The midshipman, Tra'ves Bush, declined to comment when reached on his cellphone Friday by The Associated Press.
“I'm not speaking on anything regarding that situation,” he said.
His grandfather, Jackson Bush, said in a telephone interview from Johnston, S.C., that Tra'ves Bush had an appointment with an attorney Friday. He said his grandson had a previous relationship with the woman making the accusations. But he said his grandson told him he doesn't know anything about the assault she says took place at off-campus house in Annapolis in April 2012.
“He knew the girl, but he didn't know that anything like that had taken place,” Jackson Bush said, referring to the allegations.
Two people with direct knowledge of the case identified the other two midshipmen as Josh Tate and Eric Graham. They spoke on condition of anonymity because they believe it is the Naval Academy's place to give the names, which it hasn't done yet. Relatives of the other two students could not immediately be reached for comment.
The Capital of Annapolis first reported the same names.
Academy spokesman John Schofield said names of military personnel are not made public until cases have advanced to a court-martial. Earlier this week, the academy announced that the case will go to Article 32 hearings, which are held to determine if there is evidence to proceed to a court-martial.
The midshipmen have been charged with two violations of the Uniform Code of Military Justice.
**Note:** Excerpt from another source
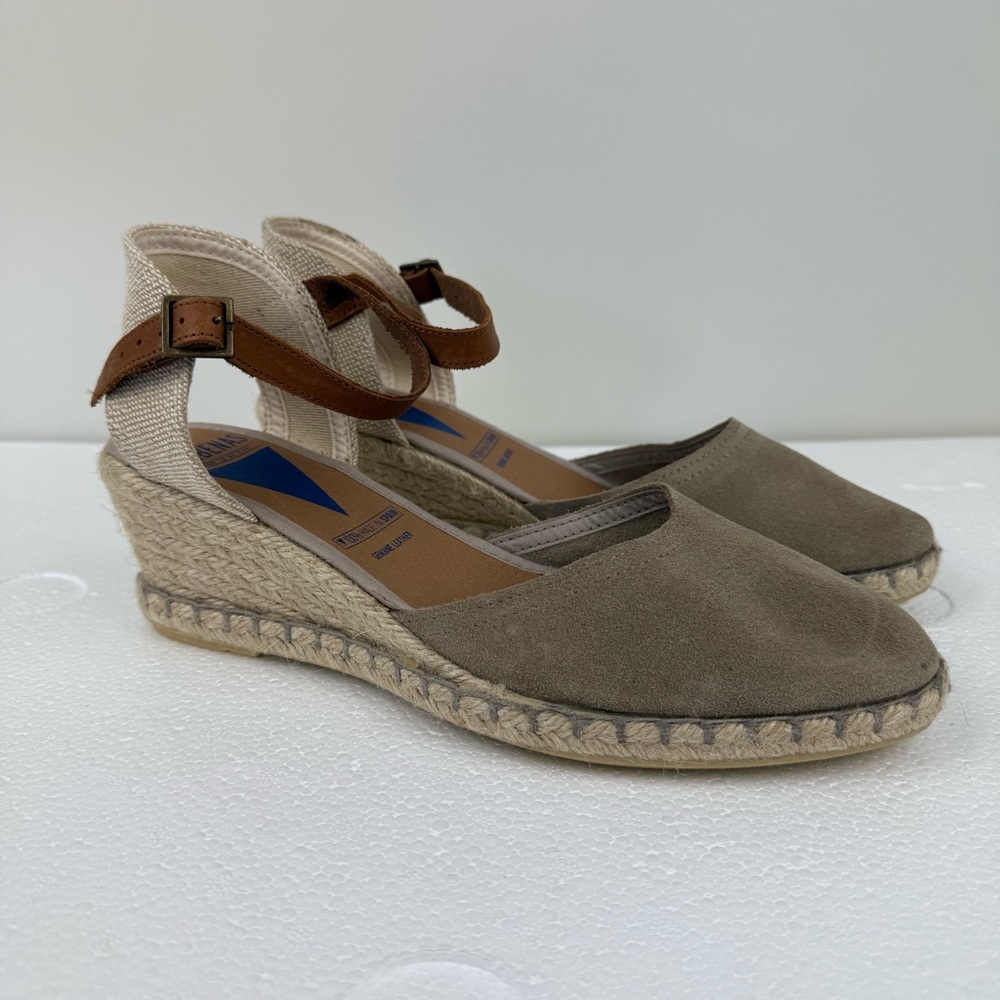 NEW Verbenas Made in Span Malena Stone Suede Espadrille Wedges Sz 40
One charge involves rape, sexual assault or other sexual misconduct. The other is for making a false official statement.
The woman, through her attorney, said she woke up with bruises after a night of heavy drinking and later learned from friends and social media that three football players she considered friends were claiming to have had sex with her while she was intoxicated and blacked out.
Tate was listed as a junior outside linebacker whose hometown was Nashville, Tenn., according to the 2013 roster information on navysports.com. Graham and Bush weren't on the current list, but Graham was listed on the 2012 roster as a senior cornerback from Eight Mile, Ala. Bush was listed on that roster as a senior safety from Johnston, S.C., and that he was one of Navy's best defensive players the previous season.
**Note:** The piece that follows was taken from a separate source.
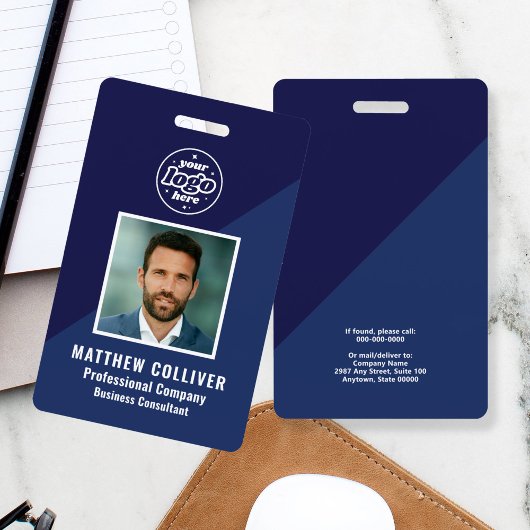 Minimal Navy Blue Corporate Photo ID バッジ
According to previous information released, two of the students were football players this past season, but they are not on the team anymore. Another is still on the team, but he has been suspended pending the outcome of the case.
Jackson Bush said his grandson had been scheduled to graduate this year, but his graduation was put on hold until the case is resolved.
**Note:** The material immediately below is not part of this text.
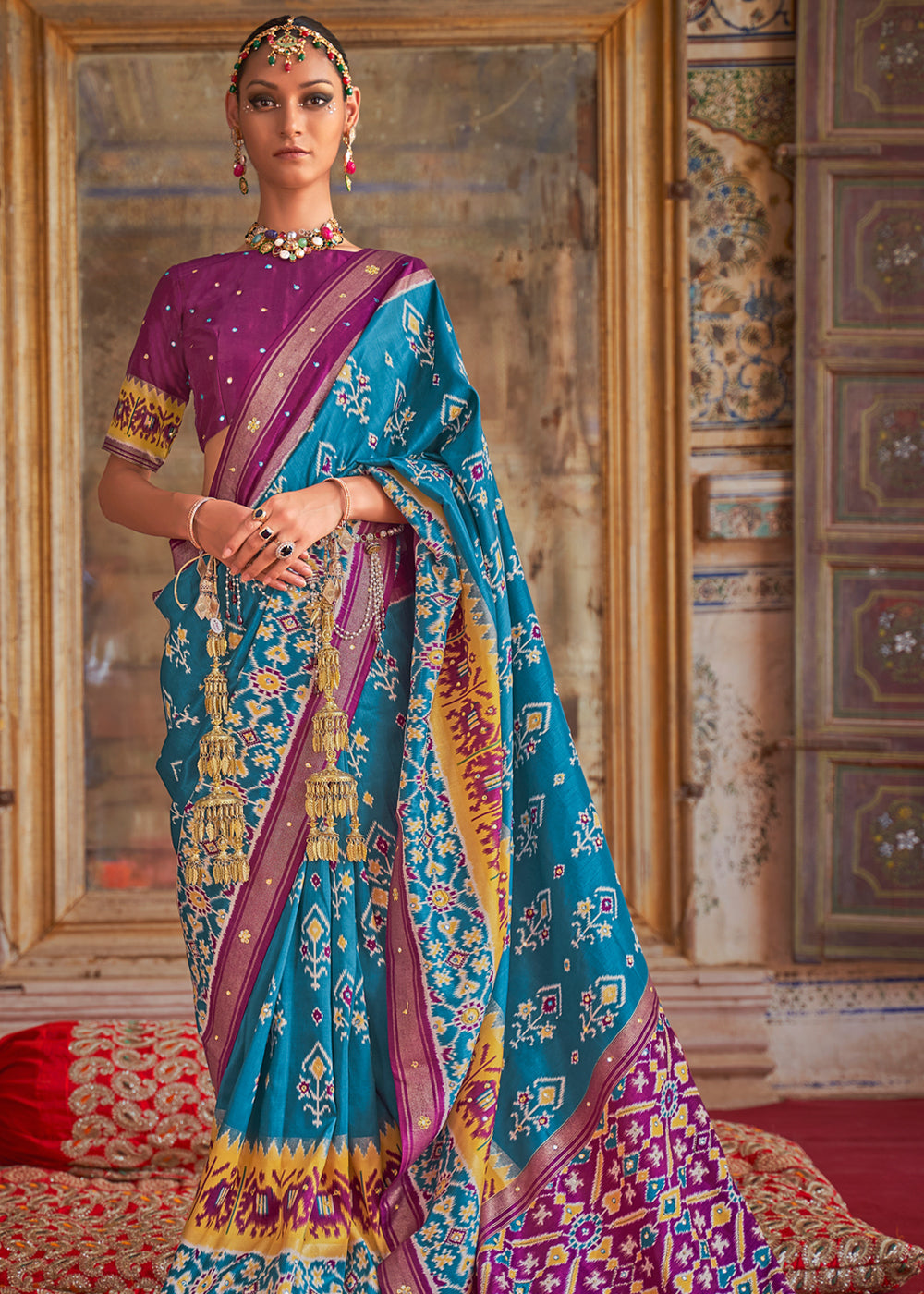 Buy MySilkLove Boston Blue and Purple Woven Patola Silk Saree Online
The case brought renewed attention to how the nation's military academies handle reports of sexual assaults. The service academies have struggled for years with sexual assault and harassment allegations, and a string of sexual assault cases has recently drawn attention in Congress and at the Pentagon and The White House. Many of the assault cases involve alcohol.
On Monday, a court-martial in an unrelated allegation of abusive sexual contact case from the academy is scheduled for next week. Midshipman Patrick Slack is charged with abusive sexual contact, burglary and unlawful entry. William Ferris, Slack's attorney, said his client is accused of touching a female student's breast. The court-martial is scheduled to begin Wednesday.
Other Navy football players have faced assault allegations in the past.
In 2006, Lamar Owens Jr., the team's starting quarterback, was acquitted of rape but found guilty of lesser charges in a military court. He was expelled from the school. Another one-time member of the team, Kenny Ray Morrison, was convicted in 2007 of sexually assaulting a female classmate at a Washington hotel. He was sentenced to two years in the Navy brig.